CSV is human-readable and easy to edit manually
CSV provides a simple scheme
CSV can be processed by almost all existing applications
CSV is easy to implement and parse
No support for column types
No difference between text and numeric columns
Poor support for special characters
The data must be flat
It is not efficient and cannot handle nested data
I have loaded the file to dbfs of Databricks(file location will be the file path),and read it in CSV format(file type)
This file didn’t have a header that why the first data entry is considered as a heading, the first line will be considered as the header of the files. Files may use separators other than commas, such as tabs or spaces.
JSON
JSON (JavaScript object notation) data are presented as key-value pairs in a partially structured format.If possible convert to more efficient format before processing large amounts of data. Great for small data sets
Human-readable but it can be difficult to read if there are lots of nested fields.
It can store data in a hierarchical format
The data contained in JSON documents can ultimately be stored in more performance-optimized formats such as Parquet or Avro, they serve as raw data,
JSON is not very splittable
JSON lacks indexing
It is less compact as compared to over binary formats
JSON consumes more memory due to repeatable column names;
Poor support for special characters
Above displayed the schema of the JSON file we loaded.
Parquet
It is a Columnar Format.
Not human readable
The scheme travels with the data
Parquet just files, which means it's easy to work, move, backup and replicate them;
Parquet provides very good compression up to 75% when using even compression formats like snappy
Parquet files are immutable and scheme evolution. Of course, Spark knows how to combine the schema if you change it over time (you must specify a special option while reading), but you can only change something in an existing file by overwriting it.

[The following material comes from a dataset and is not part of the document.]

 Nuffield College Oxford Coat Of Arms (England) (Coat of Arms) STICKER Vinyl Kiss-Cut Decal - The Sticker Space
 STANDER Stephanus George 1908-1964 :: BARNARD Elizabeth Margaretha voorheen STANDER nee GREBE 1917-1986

Parquet is used after preprocessing for further analytics because usually all fields are no longer required there
Avro
Avro is a row-based storage format, which is widely used for serialization
Its data is not human-readable;
It Row-based storage
It is a compressed format
Mainly used for the writing operation
Avro format is preferred for loading data lake landing, because downstream systems can easily retrieve table schemas from files, and any source schema changes can be easily handled.
Due to its efficient serialization and deserialization property, it offers good performance.

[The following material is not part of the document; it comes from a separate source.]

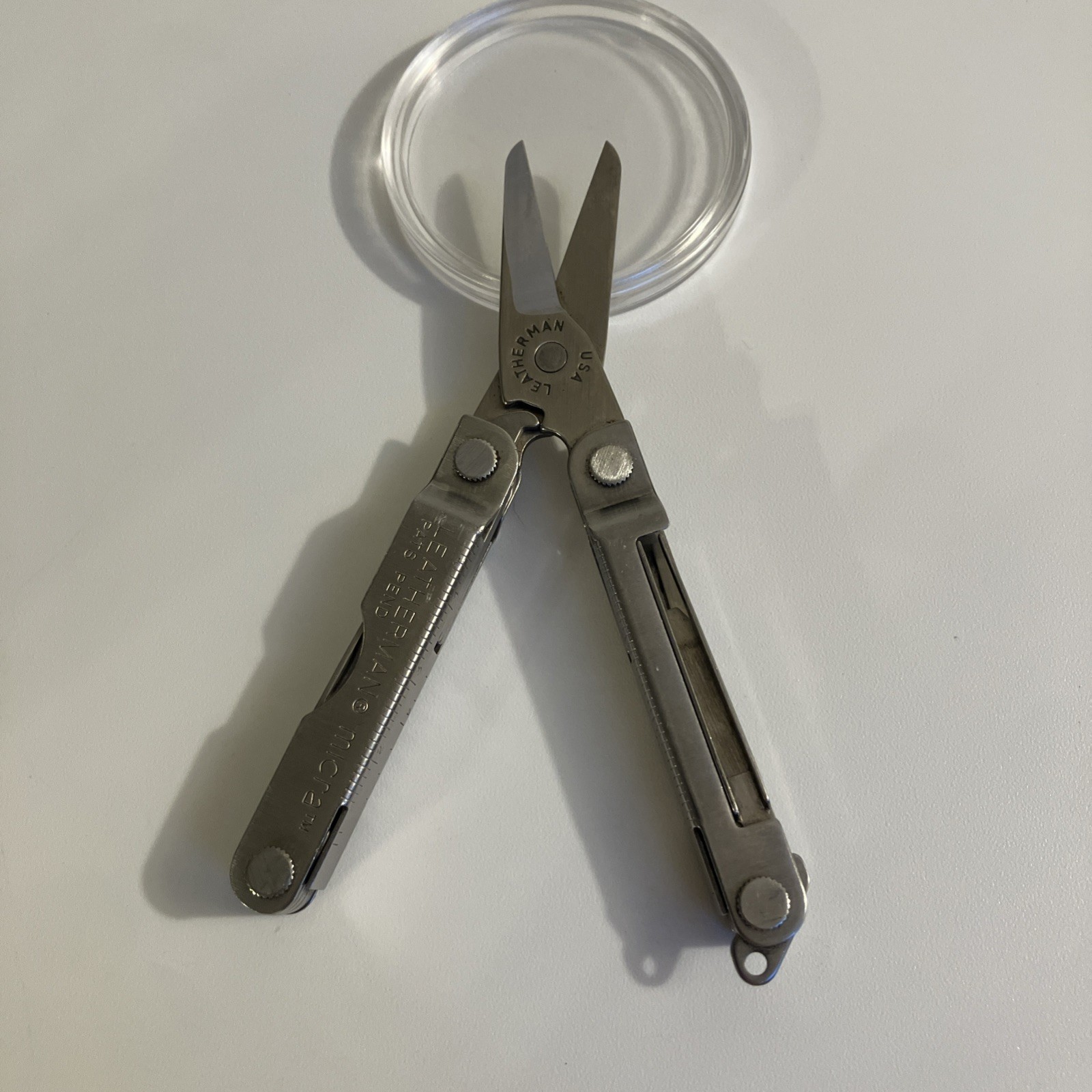 Leatherman Micra Multi-Tool Stainless Steel Keychain Scissors Pocket Knife USA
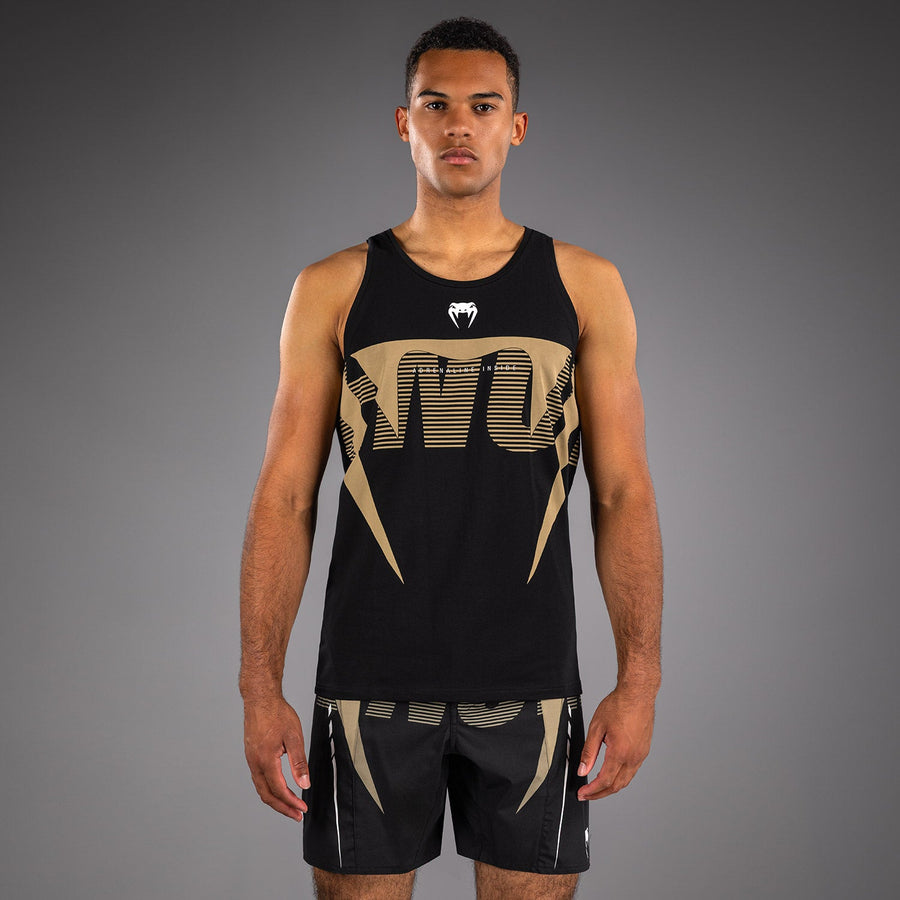 Venum Adrenaline Tank Top - Black/Sand — product view 5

The schema is stored in JSON format, while the data is stored in binary format which minimizes file size and maximizes efficiency
This allows old software to read new data, and new software to read old data
The schema used to read Avro files does not necessarily have to be the same as the one used to write the files. This allows new fields to be added independently of each other
Avro is usually used to store the raw data because all fields are usually required during ingestion
Orc(Optimized Row Columnar (ORC))
Similar to Parquet, it offers better compression. It also provides better schema evolution support as well, but it is less popular. The Optimized Row Columnar (ORC) file format provides a highly efficient way to store data. This format was designed to overcome the limitations of other file formats ORC stores collections of rows in one file and within the collection, the row data is stored in a columnar format.

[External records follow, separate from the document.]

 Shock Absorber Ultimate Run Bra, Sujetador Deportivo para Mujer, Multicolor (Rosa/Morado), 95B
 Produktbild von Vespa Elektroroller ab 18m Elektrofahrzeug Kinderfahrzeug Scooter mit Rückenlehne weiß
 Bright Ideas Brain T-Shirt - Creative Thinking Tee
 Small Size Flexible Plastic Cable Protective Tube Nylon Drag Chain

It is in compressed file format
Not human readable format
It is Column based storage
It uses the writing operation
It has better schema evolution support
It have good splittability support(the file can divide into several pieces)
Conclusion
CSV should typically be the fastest to write,
JSON the easiest to understand for humans,
Parquet the fastest to read a subset of columns
Avro is the fastest to read all columns at once.
Parquet and Avro are definitely more optimized for the needs of Big Data splittability, compression support, and excellent support for complex data structures, but readability and writing speed are quite poor.